I only need 128bits per thread in a wavefront ... might it be possible to use shared temp registers instead of lds? Perhaps they are faster. I guess I would need to use them as an array using dclarray. Is this even possible for shared registers? Something like:
mov a0.x, r1.x
mov r5, sr[a0.x]
mov a0.x, r2.x
mov sr[a0.x], r4
; where a0.x is always in the range 0-63
Originally posted by: emuller
Any ideas why 7680 threads are so much faster on the 4870, whereas it makes no difference on the 5770?
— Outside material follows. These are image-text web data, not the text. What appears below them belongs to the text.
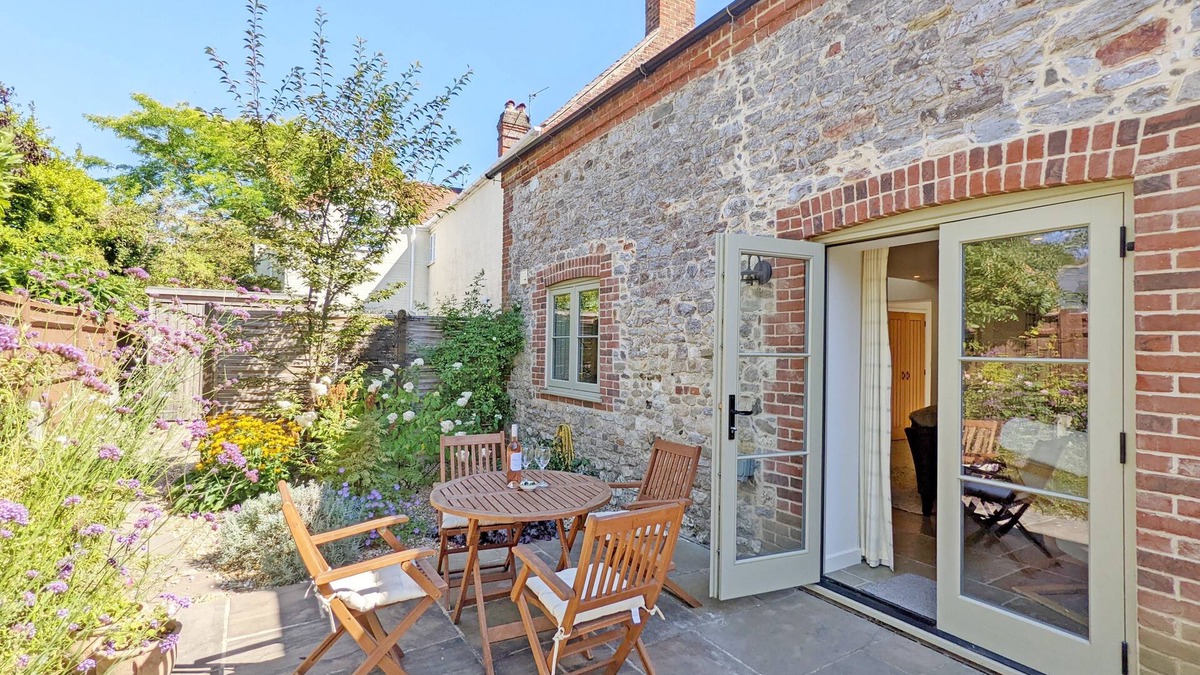 Emsworth Cottage | Hearnesbrook Barn , Emsworth - an annexe that sleeps 4 guests in 2 bedrooms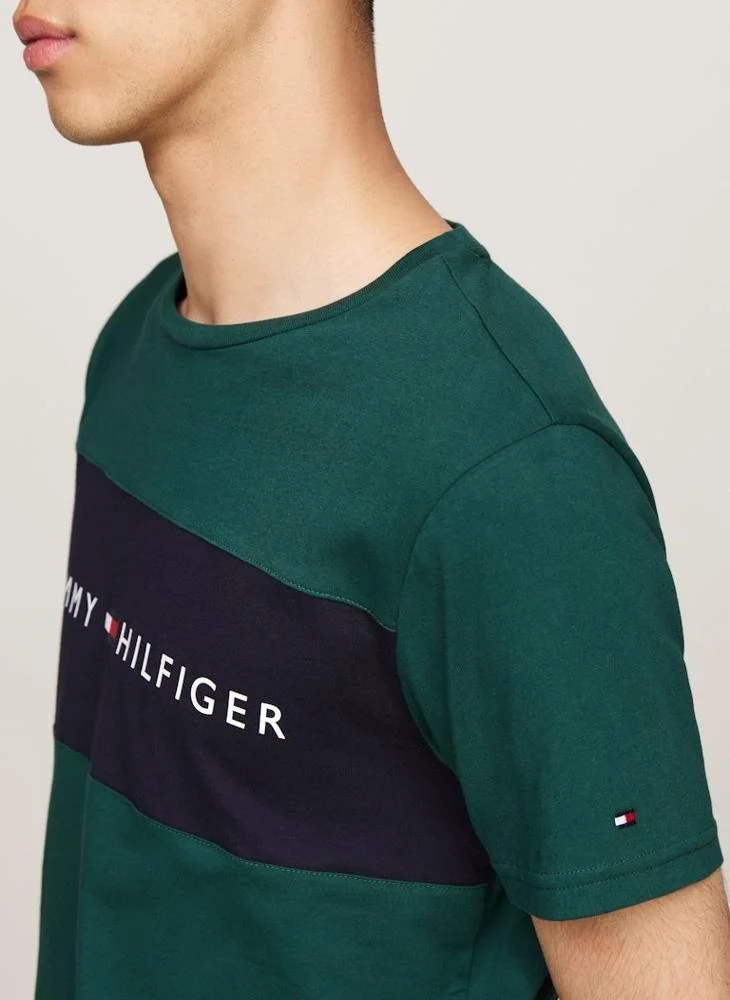 تومي هيلفيغر Logo Print T-Shirt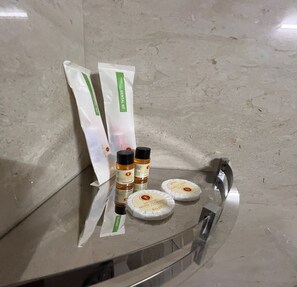 Chambre simple | Salle de bain | Douche, douche cascade, serviettes fournies, savon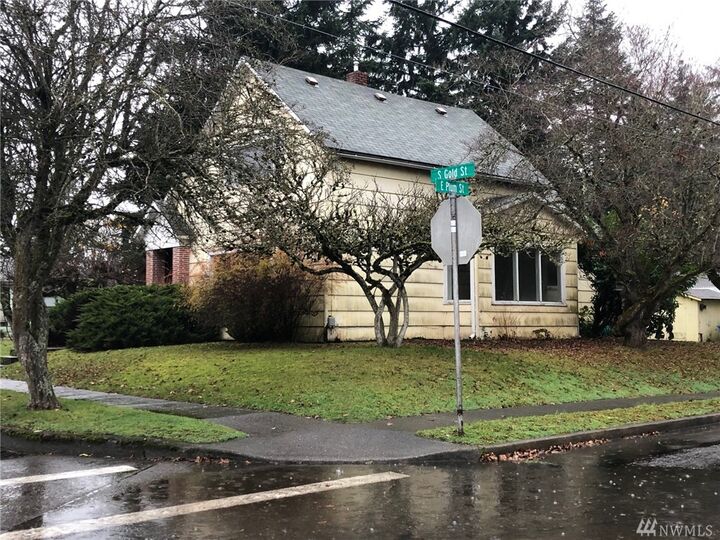 Property Photo:  420 S Gold Street  WA 98531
I think that reasonable guess here is that it has something to do with latency. With 7680 threads you have (7680/10/64)=12 warps per simd core - so it might be enought to hide LDS access latency. With 1280 threads you have only 2 warps per simd core - which usually isn't enough. There are also some issues with executing more than 1 group at simd core at the same time ( I think that behaviour of RV7xx, RV8xx with more than 1 group per simd is rather unknow ).
PS. I guess ( from you other post ) that you use group size 64 ( so 1 warp for group ). Usually you should try to have at least 6 warps per group to hide latency ( of course best value depends on kernel ).
In OpenCL forum, I think there is somebody benchmark the 5770 LDS and got 540GBps bandwidth
So yeah, it is much much faster